Abstract
A field study was conducted to measure the predictability of tree decay based on visual assessments. Predictions made by individual arborists, tree surgeons, and forest ecologists were compared with the actual amounts and distributions of decay in 10 hazardous laurel oaks (Quercus hemisphaerica) that were dissected. The mean deviations of predicted area of decay and predicted loss in strength from actual values were 0.4% and 2%, respectively. The interquartile range for predicted decay area was +12 to –15%; for strength loss it was +8 to –8%. Accuracy of the predictions improved with feedback. The results of this study suggest visual assessment can be a reliable means of predicting the internal extent of decay and hollow in potentially hazardous urban trees.

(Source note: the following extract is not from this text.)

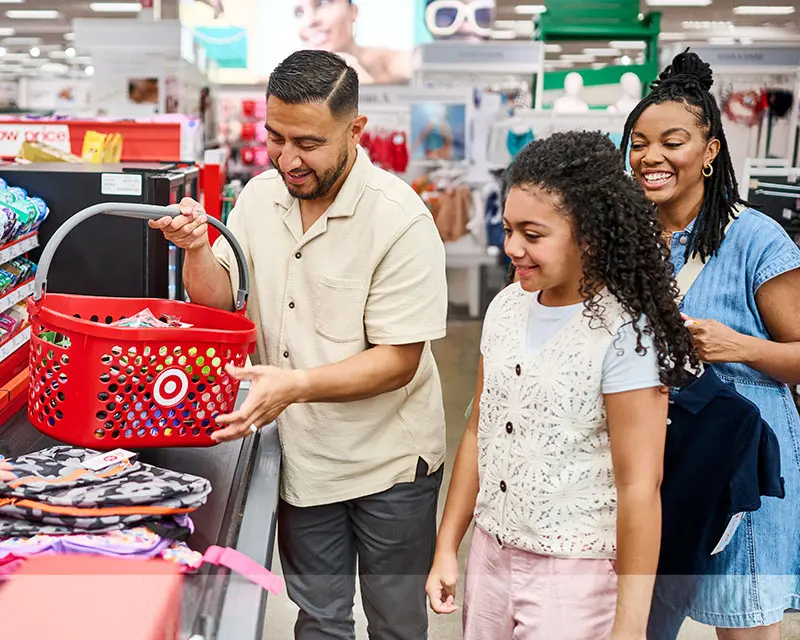 Target Case Study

Urban trees provide shade, improve air quality, lower noise levels, provide habitat for wildlife, protect soil, and are aesthetically pleasing (2,8). However, such trees can be hazardous, particularly when they are large, old, and partially decayed. Although city managers are responsible for removing or otherwise treating hazardous trees growing on city property, they are also responsible for maintaining urban canopies and therefore minimizing unjustified tree removal (5). The difficulty arises in predicting which trees are actually hazardous and should be removed.
Trees are deemed hazardous on the basis of their predicted likelihood of failure, commonly estimated by examining trees for defects and associating those defects with observed patterns of failure. Identifying hazardous trees is and will continue to be a somewhat subjective process. Although information on tree biomechanics has increased greatly in the last few decades, the nature of tree failure remains largely unknown (4). The capacity to predict which trees will fail is also limited by the ability to visualize the amount of internal defects in trees. Commonly, external signs such as cankers, fungal fruiting bodies, cracks, and wounds are used as indicators of tree defects. Visual assessment can give an idea of the state of a tree’s overall health (4,5) but may not always predict the extent of internal decay accurately. External signs of decay may be misleading, or trees may show no signs of internal defects.

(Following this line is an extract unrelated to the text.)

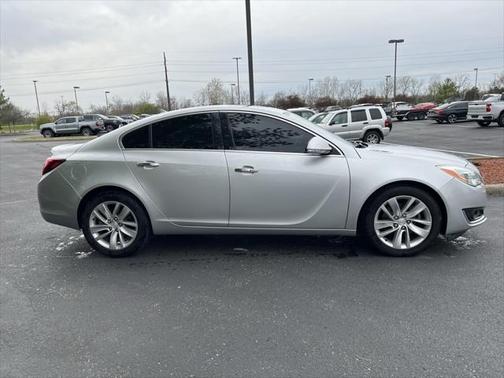 2014 Buick Regal Turbo/e-Assist Premium I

In response to the need to predict more accurately the extent of decay and hollow in trees, several tools have been developed in the past few decades. Nonintrusive methods such as stress wave timers or x rays are designed to detect the presence of decay with minimal damage to the tree (5). Intrusive methods include simple tools, such as drills or increment corers, and more sophisticated tools, such as the Shigometer, Resistograph, and Vitamat (1,5,7). Each of these methods is not without drawbacks. Intrusive methods wound trees and may allow spread of decay into uninfected parts. All but the most simple methods are expensive and not always practical for field use. Only the Shigometer has been frequently tested, but reports on the reliability of this method are conflicting (1).

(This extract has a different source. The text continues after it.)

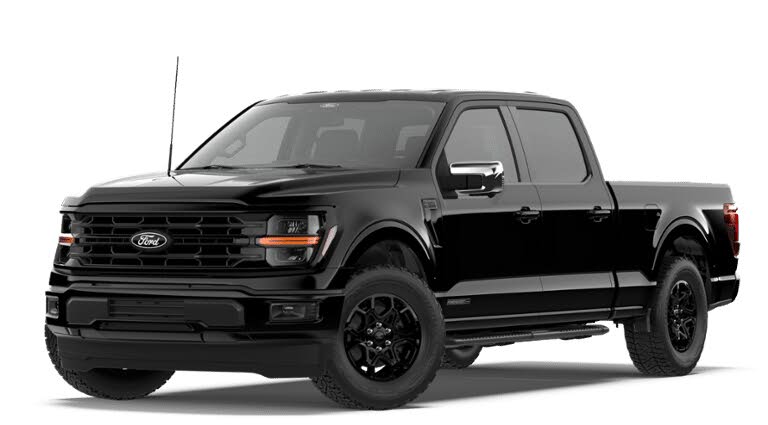 2026 Ford F-150 XLT SuperCrew 4WD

Until technical methods of assessing tree decay become less expensive and more practical for field use, urban tree managers will continue to rely primarily on visual tree assessment in designating hazardous trees. The question remains: How accurately can tree decay be predicted by visual assessment? The present study tested the predictability of wood decay on the basis of external characteristics. Predictions made by a number of individual arborists, tree surgeons, and forest ecologists were compared with the actual decay in hazardous trees that were cut down and dissected. The distribution of decay can affect stem strength more than might be expected from the amount of decay, e.g., peripheral decay causes more loss in stem strength than centrally located decay. Therefore, in addition to the total amount of decay, the actual strength loss calculated using the distribution of decay was also compared with predictions made by the evaluators.
Methods
This study was conducted in Gainesville, Florida (29° 30’N, 82° 15’W) and focused on laurel oaks (Quercus hemisphaerica), the most common species on City of Gainesville rights-of-way and the most common species classified as hazardous (3). Laurel oaks were planted extensively in Gainesville from 1930 to 1960, because they are relatively fast growing, full crowned, and evergreen. However, laurel oaks are not very resistant to decay and are, therefore, frequently found in hazardous condition.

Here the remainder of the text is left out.